Langit masih terdiam, memutar otaknya. Itu dia namanya! Ratu Alura Berliana, bukannya Alucard-- ah, tidak perlu diingat. Langit menggeleng, tangannya dengan kaku akan menyerahkan benda di tangannya.

Namun saat beberapa senti lagi benda itu berpindah tangan, tiba-tiba Langit menarik tangannya. Membuat kedua lelaki di depannya sedikit menyipitkan mata, kesal.

"Kenapa?" tanya kakek dengan dahi berkerut.

Langit menatap ikat rambut di tangannya. Memikirkan risiko jika ia memberikan benda itu pada mereka. Artinya, Lura tidak akan bisa berada di sekelilingnya lagi?

'Nggak boleh, nanti kalo mereka ngilangin ikat rambut ini, bisa aja terjadi sesuatu sama Lura. Karena gue baik, gue nggak akan kasih mereka!'

Otak padat Langit langsung memberikan respon ketidaksetujuannya. Ia menggeleng beberapa kali, membuat kakek dan Lean makin bingung.

"Biar saya saja yang simpan, takutnya kalo sama kalian, ilang." Dengan gerakan malas, Langit memasukan benda itu ke saku celananya.

Mendengarnya, Lean mendecakkan bibirnya. "Lo pikir kita bakal ngilangin barang kesayangan Ratu?!"

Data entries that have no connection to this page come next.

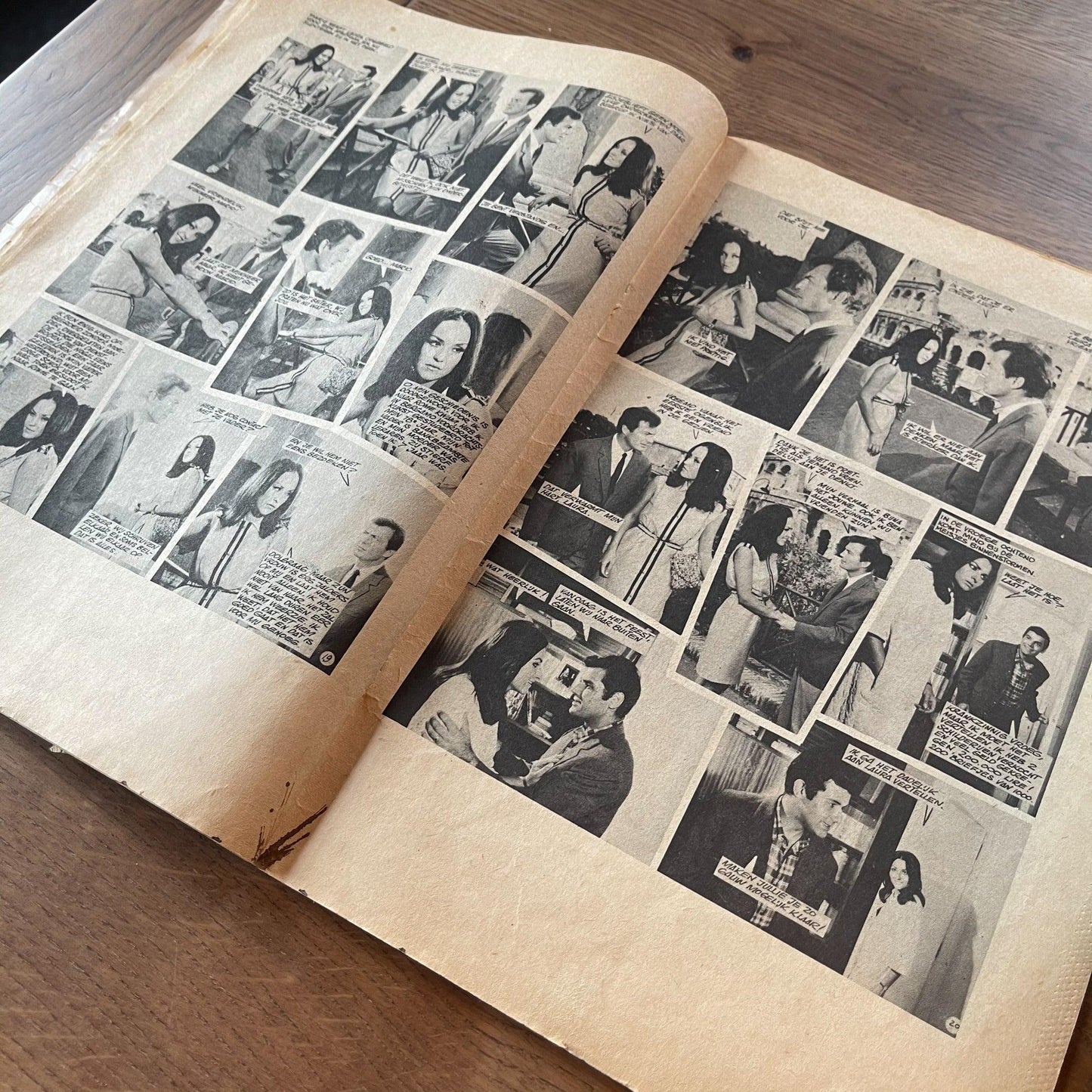 Hostes liefde door angst - Bamestra Curiosa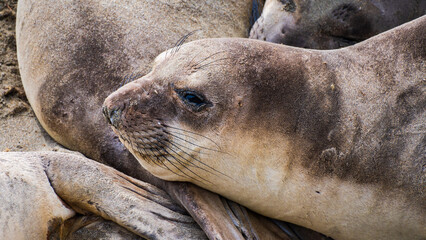 Relaxing Elephant Seal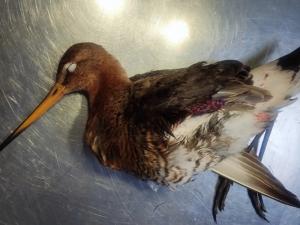 Na “Vlažnim livadama” pronađena povređena barska ptica, smeštena u stacionar “Zoo planeta” 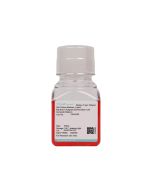Rat Brown Adipose-Derived Stem Cell Complete Medium procell CM-R229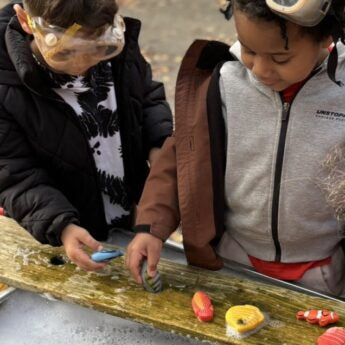 Sensory Play Stones - Fish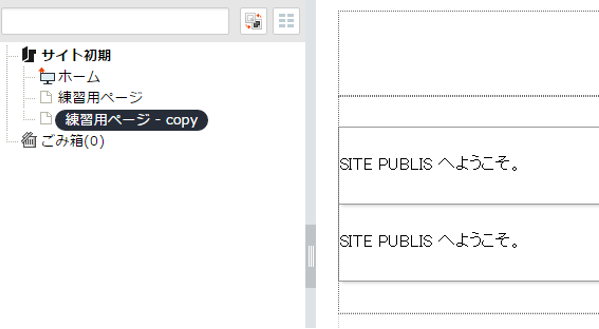 /publis4-edit/library/publis4/guide/startup/copy06.png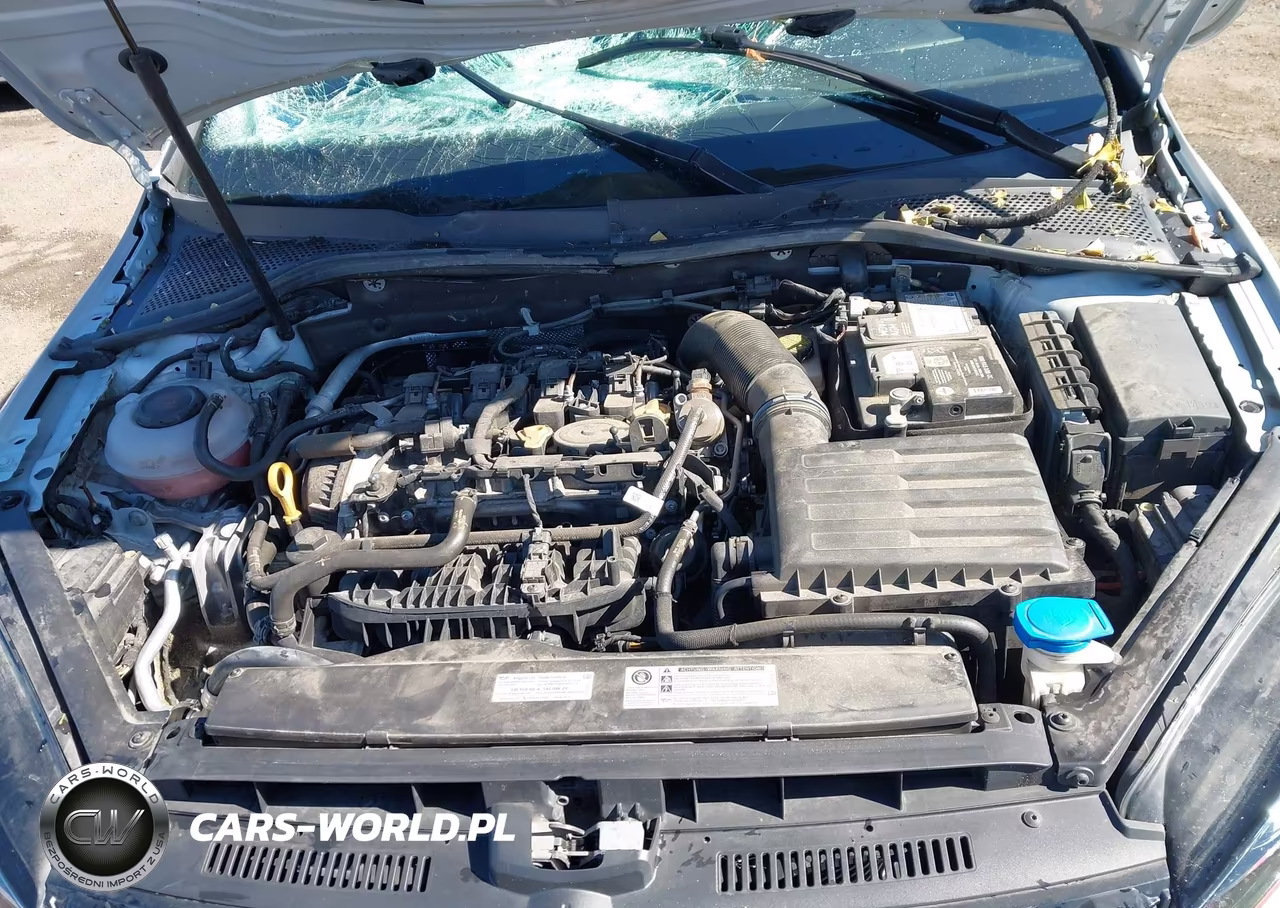 2019 Volkswagen Golf Gti 2.0T Autobahn-2.0T Rabbit Edition-2.0T S-2.0T Se VIN:3VW6T7AU2KM001661 - 10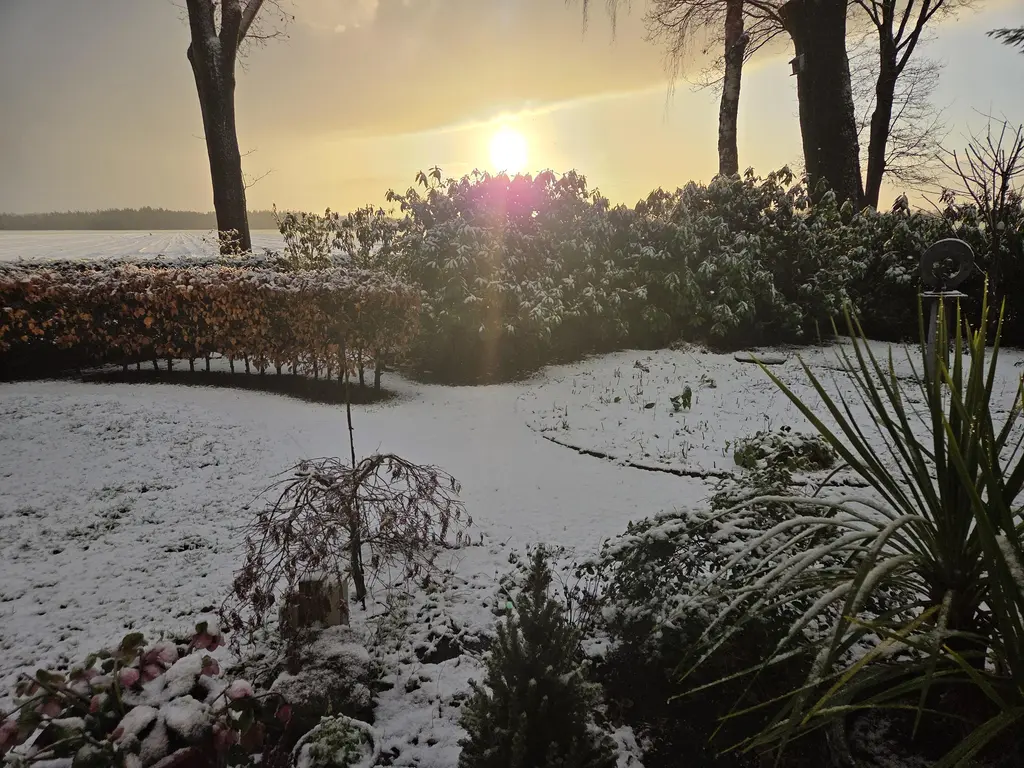 De Stille Wille 323, OOST WEST EN MIDDELBEERS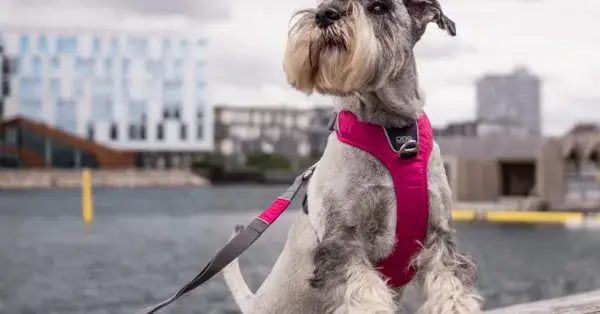 Jakie szelki dla psa który ciągnie - wybierz najlepsze rozwiązanie dla komfortu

Langit mengangguk dengan kelopak mata merendah, tatapannya terlihat malas melihat Lean yang mencak-mencak tak terima, hampir saja lelaki itu menarik kerah Langit jika tak dihentikan oleh kakek.

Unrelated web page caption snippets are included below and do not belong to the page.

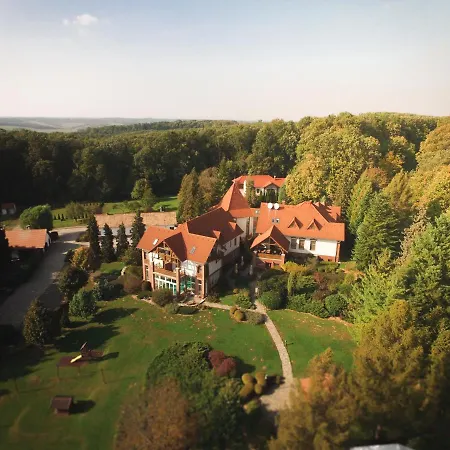 Kardosfa Zselickisfalud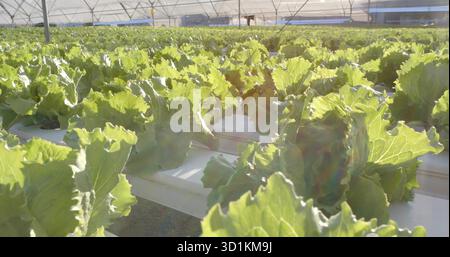 Salatköpfe wachsen in hydroponischen Trögen im Gewächshaus mit Metallpfählen, Bewässerungsrohren Stockfoto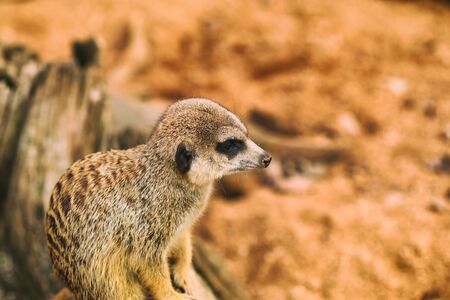 Life of suricates in a captivity. Closeup.の写真素材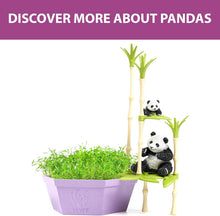 Load image into Gallery viewer, PlayMonster - Wild Scenes: Pandas' Bamboo Forest Grow &amp; Play Kit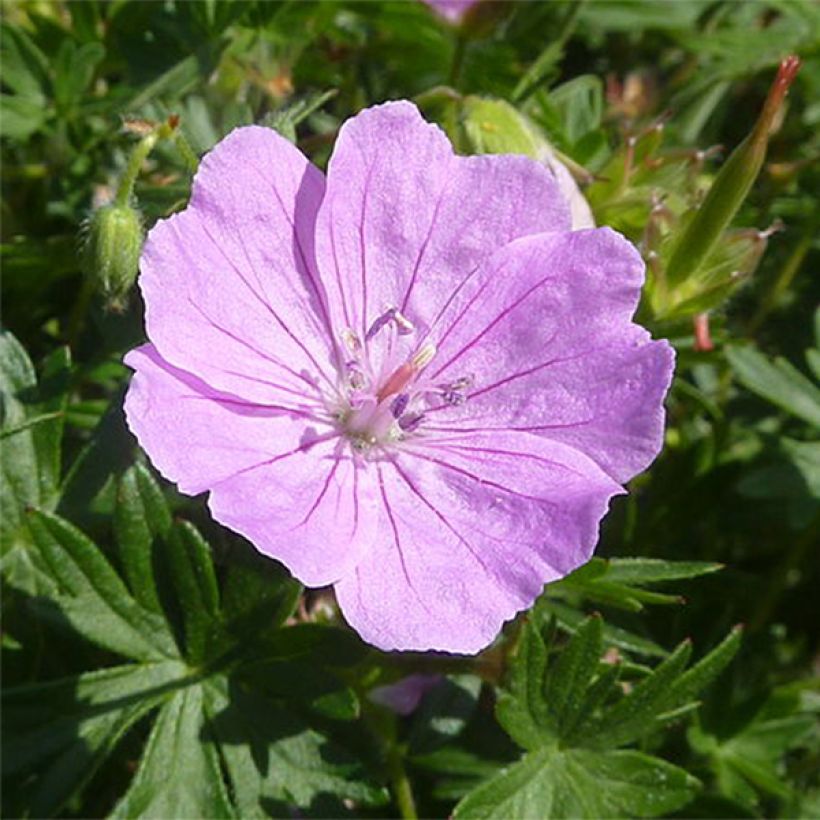 Geranium sanguineum Elsbeth - Geranio sanguigno (Fioritura)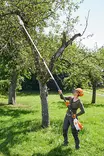 STIHL HTA 135 Oksasaha runko - STIHL AP Pro akkukoneet - LA012000002 - 2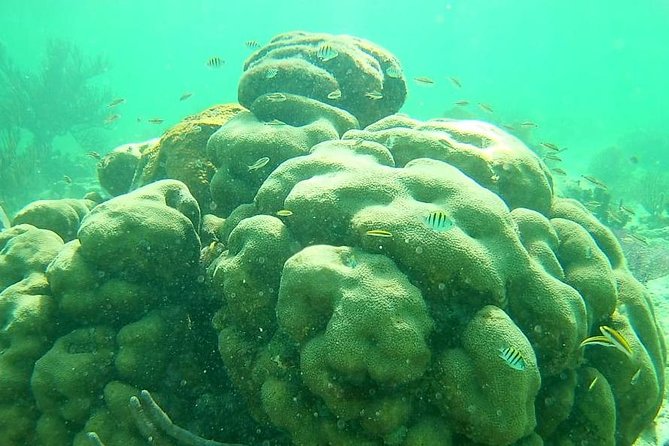 Costa Maya Snorkel Boat Tour and Beach Club Visit - Tour Details and Inclusions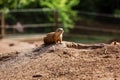 One sitting natural marmot, meerkat look out of the burrow. Curious european suslik posing to photographer. little sousliks Royalty Free Stock Photo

Reaksi pria paruh baya itu lebih normal, maksudnya tidak meledak-ledak seperti lelaki yang usianya lebih muda di sampingnya--yang Langit sendiri sudah lupa siapa namanya.

'Ck, dasar bocah.'

"Sedekat apa hubungan pertemanan kamu dengan Ratu?" tanya kakek mulai menginterogasi.

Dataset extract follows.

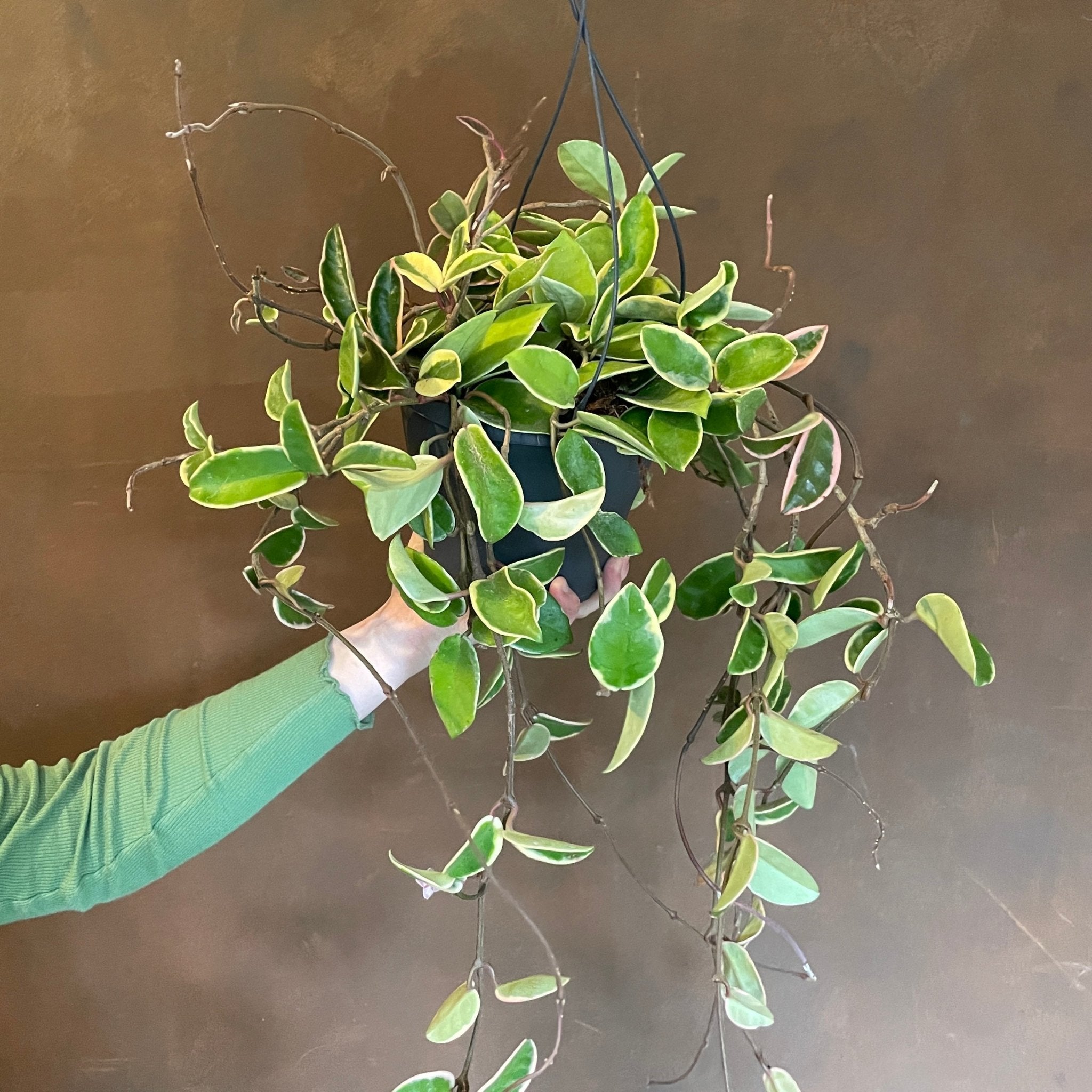 Hoya ‘Krimson Queen' (19cm hangpot) - grow urban. UK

Langit menggaruk pelipisnya, bingung harus bagaimana menjelaskannya. Jika ia bicara yang sebenarnya, mereka pasti menganggapnya gila.

"Panjang ceritanya. Intinya saya sudah mengenal Lura dari beberapa bulan yang lalu."

Kakek mengangguk, Lean yang lelah pun memilih duduk di sofa, memerhatikan kakeknya yang pasti akan menginterogasi Langit lebih detail.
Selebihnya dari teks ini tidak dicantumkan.